In the next chapter, we leave the realm of class mechanics behind to explore design—the ways that classes are commonly used and combined to optimize code reuse. After that, we’ll survey a gumbo of advanced class topics and move on to exceptions, the last core subject of this book. Before you read on, though, take a moment to work through the chapter quiz below to review the concepts we’ve covered here.

Test Your Knowledge: Quiz

  1. What two operator-overloading methods can you use to support iteration in your classes?

  2. What two operator-overloading methods handle printing, and in what contexts?

  3. How can you intercept slice operations in a class?

  4. How can you catch in-place addition in a class?

  5. When should you provide operator overloading?

Test Your Knowledge: Answers

  1. Classes can support iteration by defining (or inheriting) __getitem__ or __iter__. In all iteration tools, Python tries to use __iter__ first, which returns an object that supports the iteration protocol with a __next__ method: if no __iter__ is found by inheritance search, Python falls back on the __getitem__ indexing method, which is called repeatedly, with successively higher indexes.
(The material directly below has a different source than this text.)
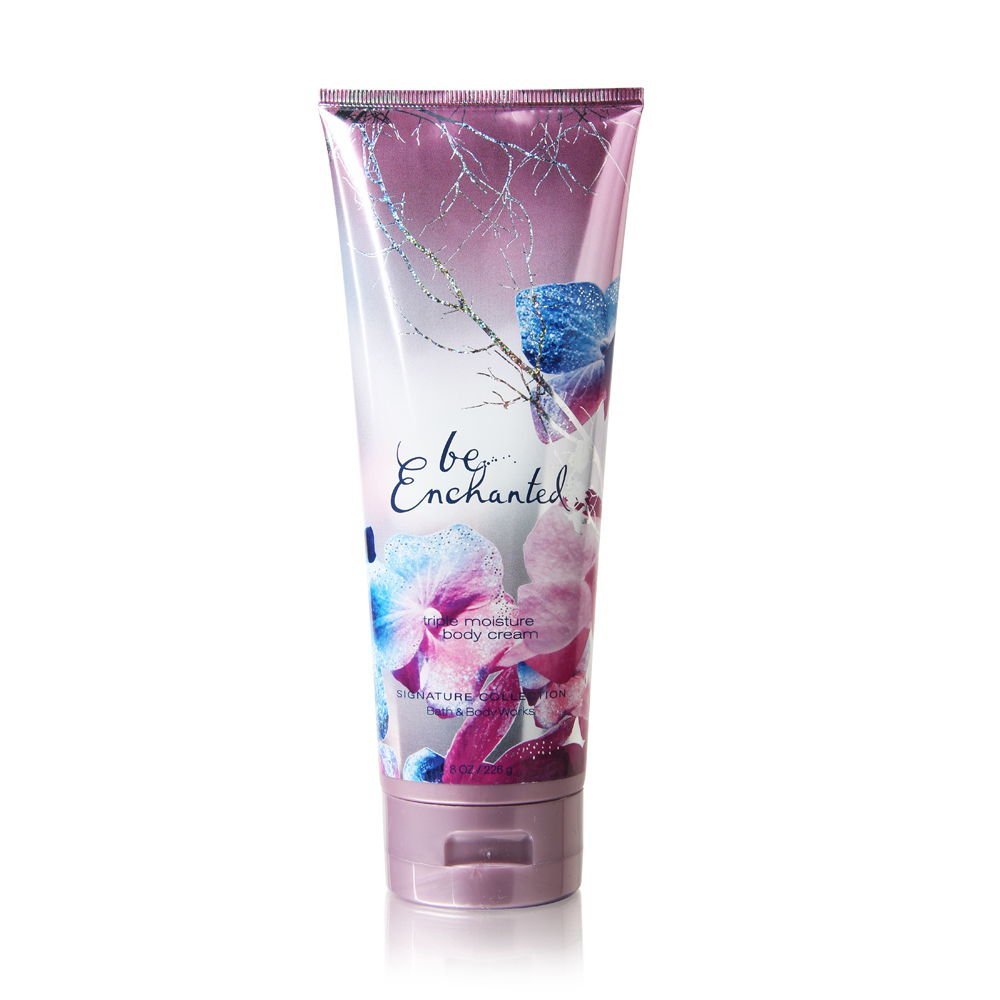 Bath & Body Works Signature Collection Triple Moisture Body Cream Be Enchanted 8 oz – Reichhaltige Körpercreme für seidig-weiche Haut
If used, the yield statement can create the __next__ method automatically.

  2. The __str__ and __repr__ methods implement object print displays. The former is called by the print and str built-in functions; the latter is called by print and str if there is no __str__, and always by the repr built-in, interactive echoes, and nested appearances. That is, __repr__ is used everywhere, except by print and str when a __str__ is defined. A __str__ is usually used for user-friendly displays; __repr__ gives extra details or the object’s as-code form. String formatting runs these methods too.

  3. Slicing is caught by the __getitem__ indexing method: it is called with a slices object instead of a simple integer index, and slice objects may be passed on or inspected as needed.

  4. In-place addition tries __iadd__ first, and __add__ with an assignment second. The same policy holds true for all binary operators. The __radd__ method is also available for right-side addition.

  5. When a class naturally matches, or needs to emulate, a built-in type’s interfaces. For example, collections might imitate sequence or mapping interfaces, and callables might be coded for use with an API that expects a function. You generally shouldn’t implement expression operators if they don’t naturally map to your objects naturally and logically, though—use normally named methods instead.